**What the task asks:** Word for word, retype the lines from the one containing "55 WYER ST, WEYERS" to the one containing "Hilary Duff feet photo thumbnail" below, keeping both end lines and dropping the pictures.

Brief descriptive captions
<<<<
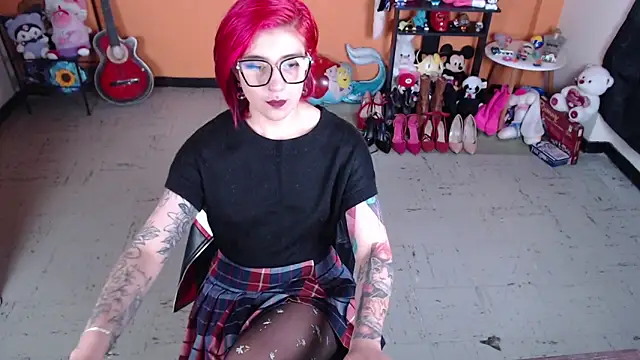 Snapshot of MissMiia2 chatting on January 2025 01:16:02 PM MissMiia2 online show from January 2025 01:16:02 PM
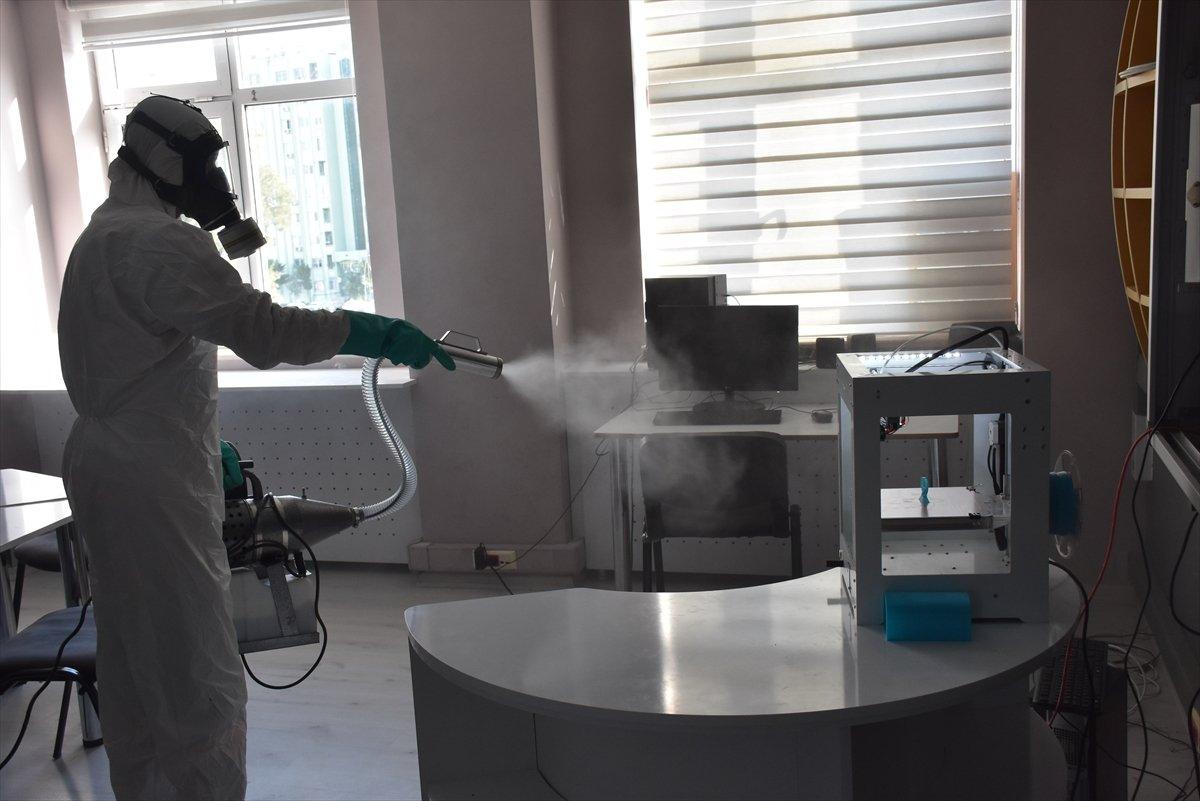 Adana'da okul ve kreşler dezenfekte ediliyor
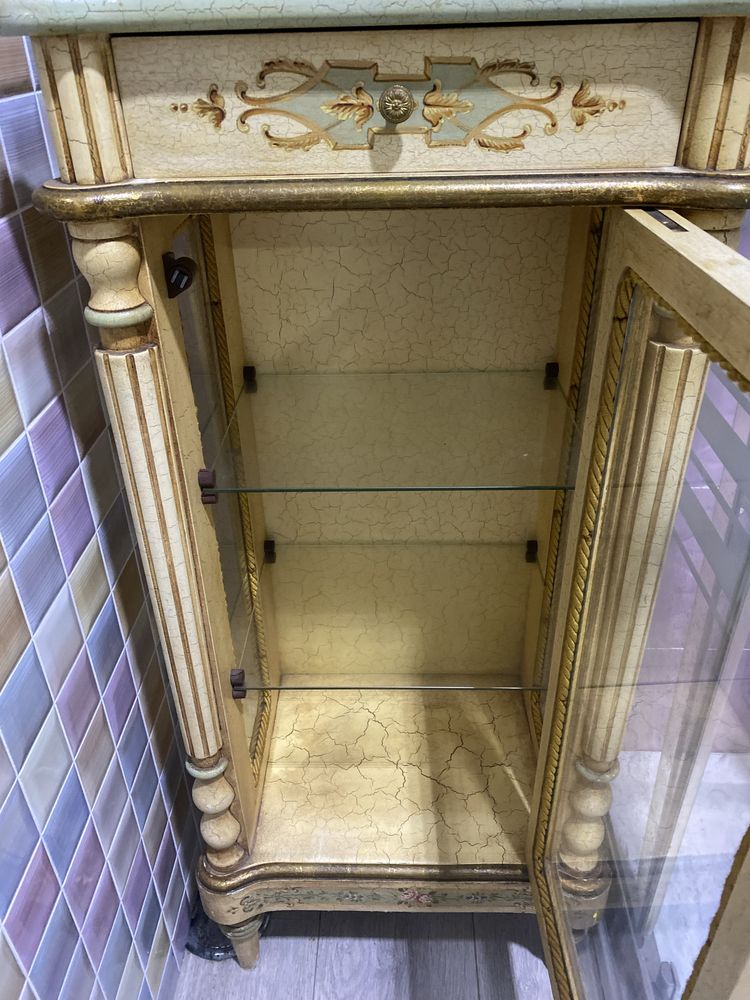 Movel vitrine pintado a mao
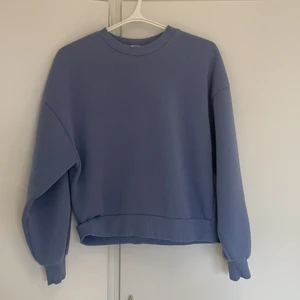 Blå sweatshirt gina tricot  - Säljer denna jätte fina blå sweatshirt från Gina Tricot, säljer pga att den är för liten för mig. Den är i väldigt bra skick endast använnd 2 gånger, den är i storlek S. Färgen gör sig bäst på bild 2. Nypris är 249 kr. Frakt tillkommer! 😊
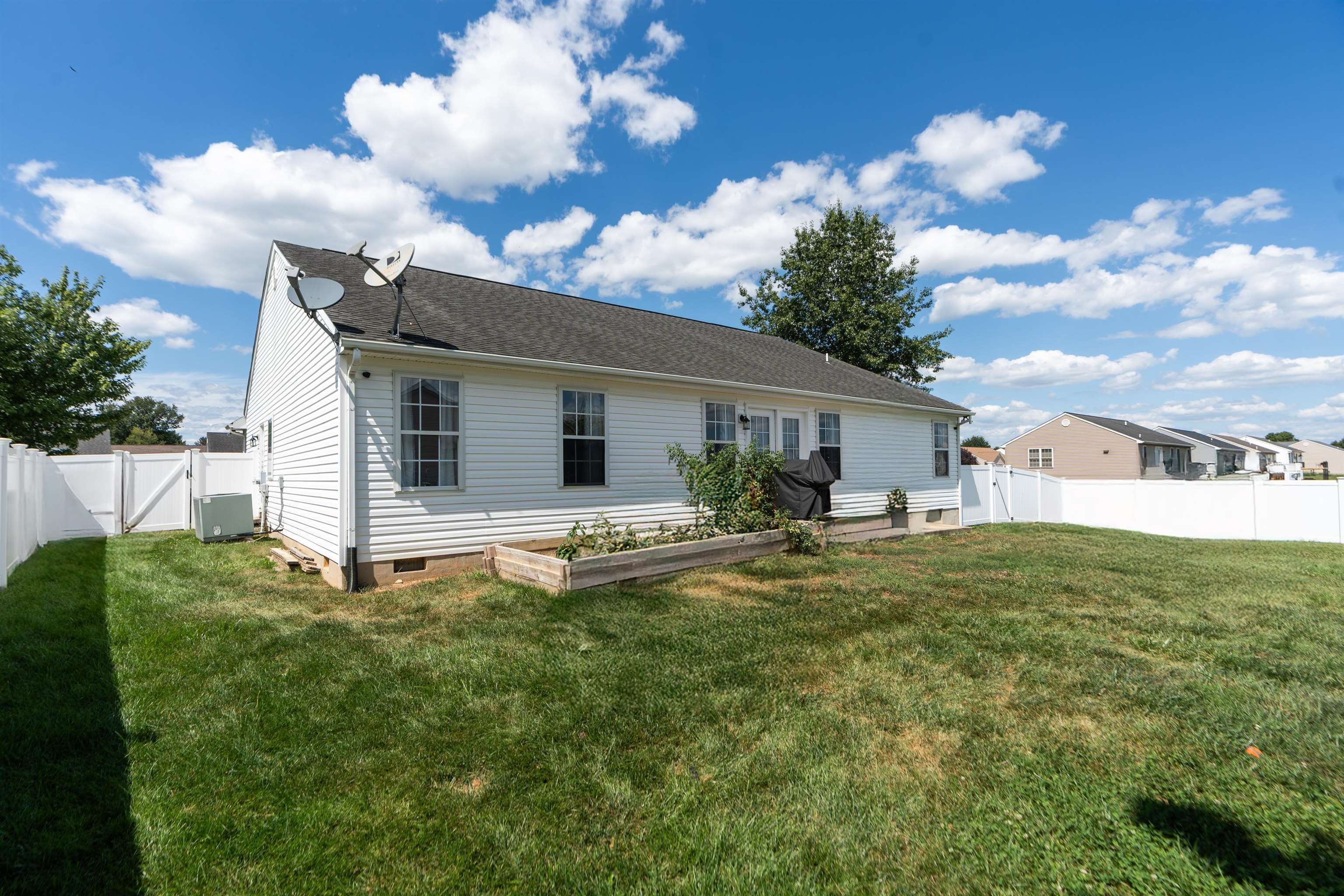 55 WYER ST, WEYERS CAVE, Virginia 24486, 4 Bedrooms Bedrooms, ,2 BathroomsBathrooms,Residential,55 WYER ST,668946 MLS # 668946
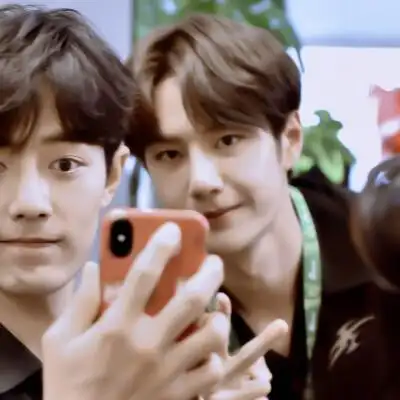 博君一肖情头. 肖战&王一博.礼貌拿图.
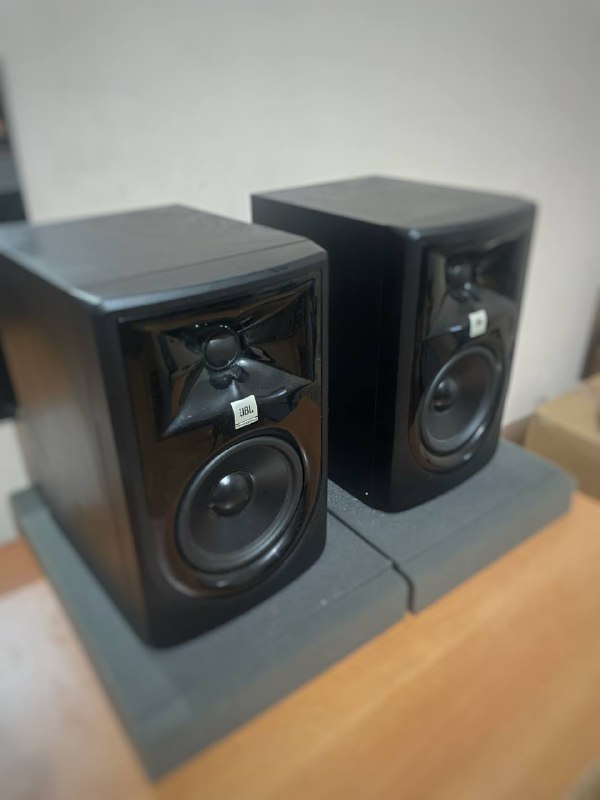 Пара студийных мониторов JBL 305p MKII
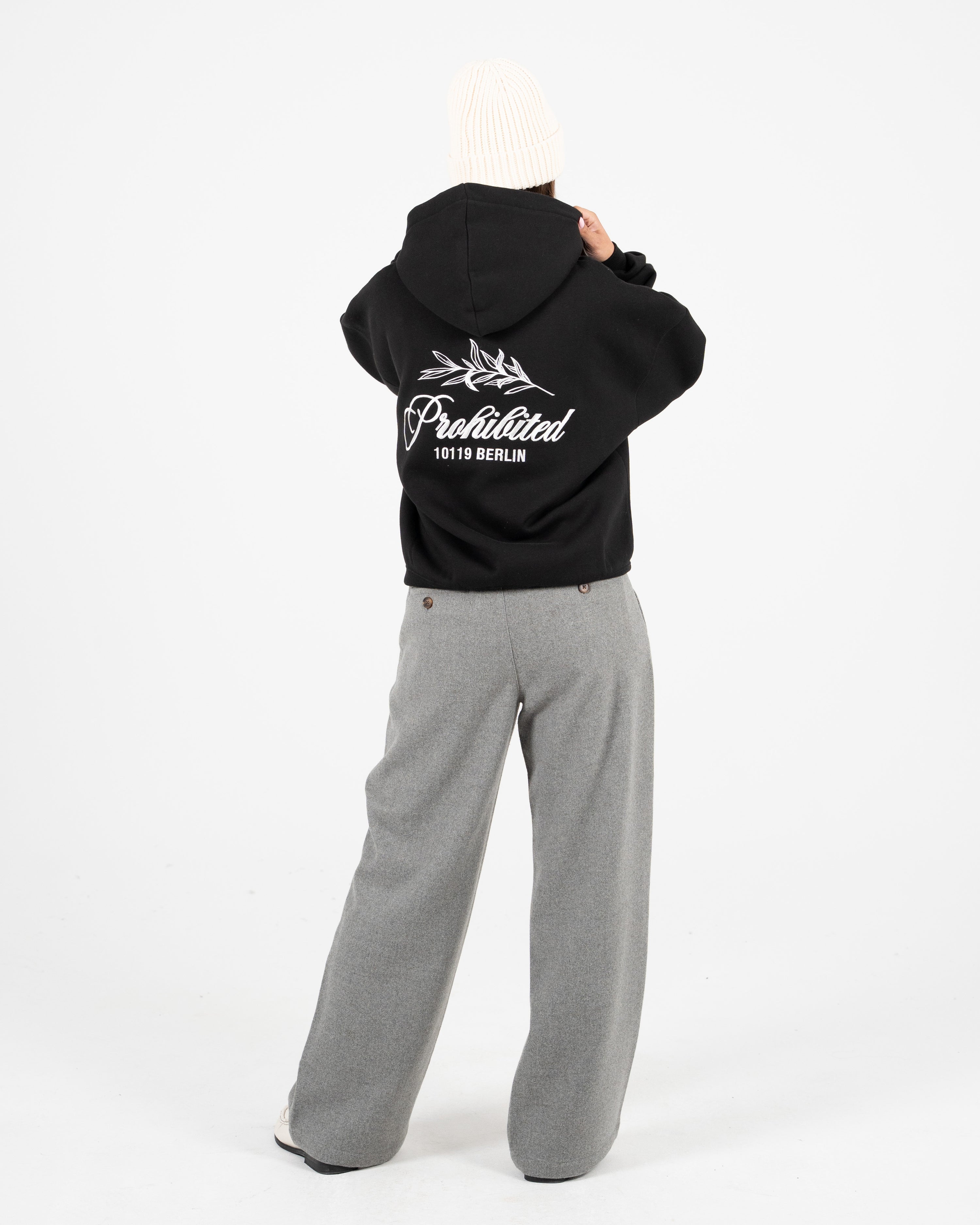 PB Leaf Hoodie Black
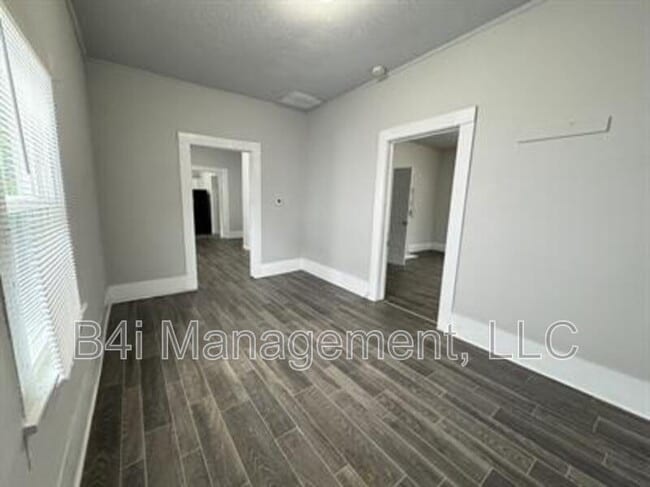 Building Photo - 173 Ward St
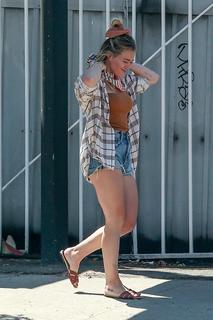 Hilary Duff feet photo thumbnail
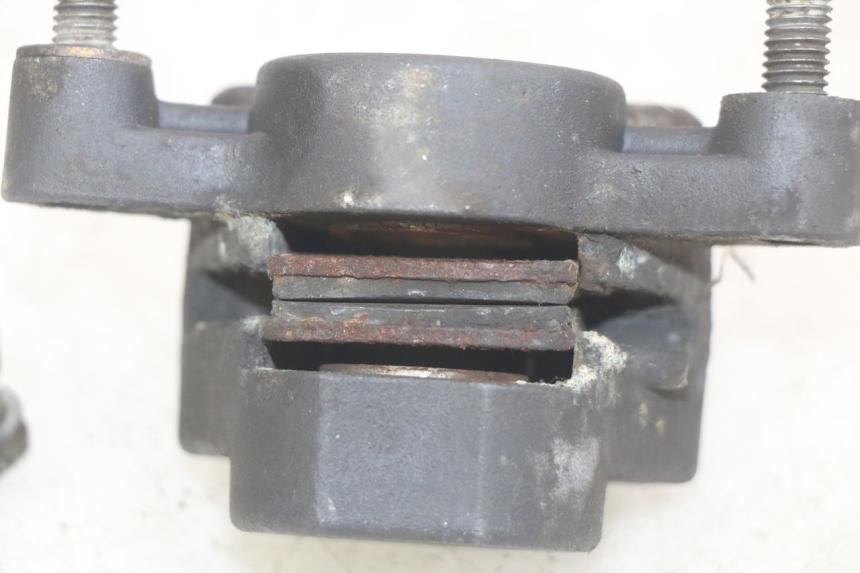 photo de PINZA FRENO POSTERIORE PEUGEOT SPEEDFIGHT LC 50 (1996 - 2002) - Zoom sullo stato d'uso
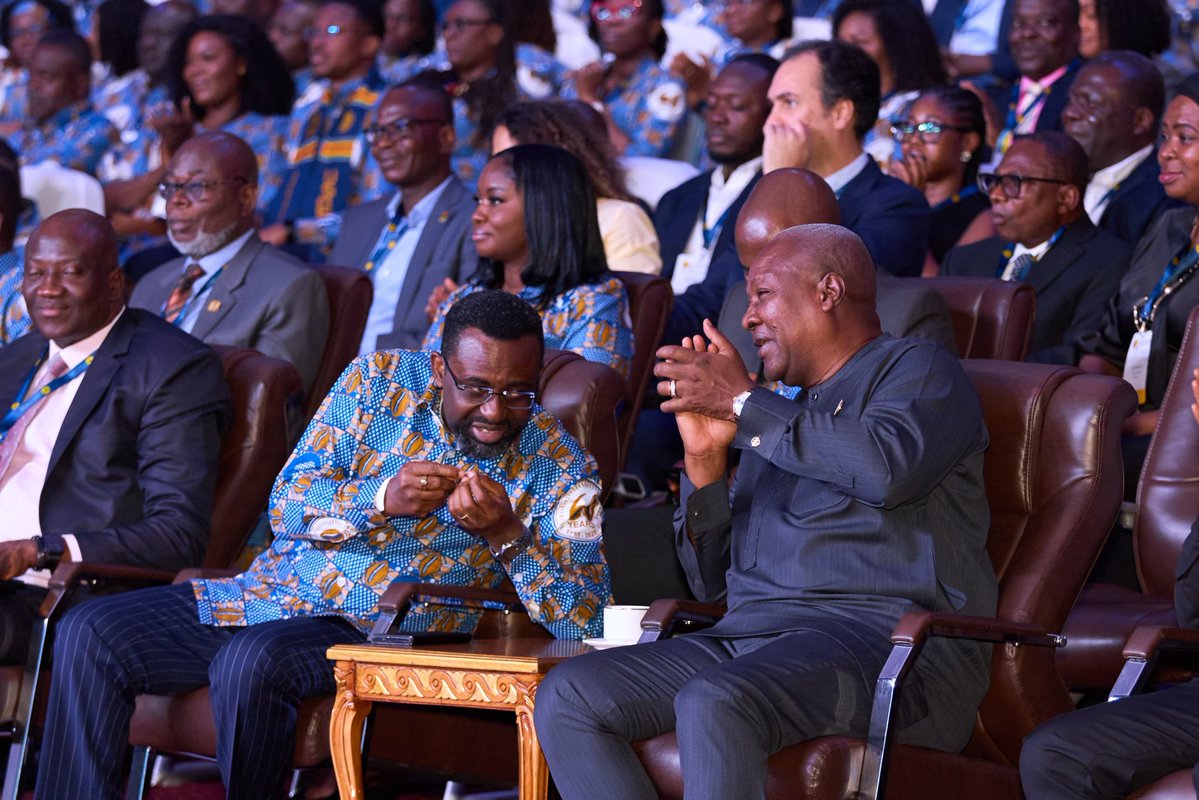 DrJPAsiama's tweet image. Yesterday, together with Currency Research and our international partners, we opened the Cedi@60 International Currency Conference. 
We were honoured to have H.E. @JDMahama , President of the Republic of Ghana, deliver the Keynote Address as we reflected on sixty years of the…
>>>>
**Result:**
 55 WYER ST, WEYERS CAVE, Virginia 24486, 4 Bedrooms Bedrooms, ,2 BathroomsBathrooms,Residential,55 WYER ST,668946 MLS # 668946
 博君一肖情头. 肖战&王一博.礼貌拿图.
 Пара студийных мониторов JBL 305p MKII
 PB Leaf Hoodie Black
 Building Photo - 173 Ward St
 Hilary Duff feet photo thumbnail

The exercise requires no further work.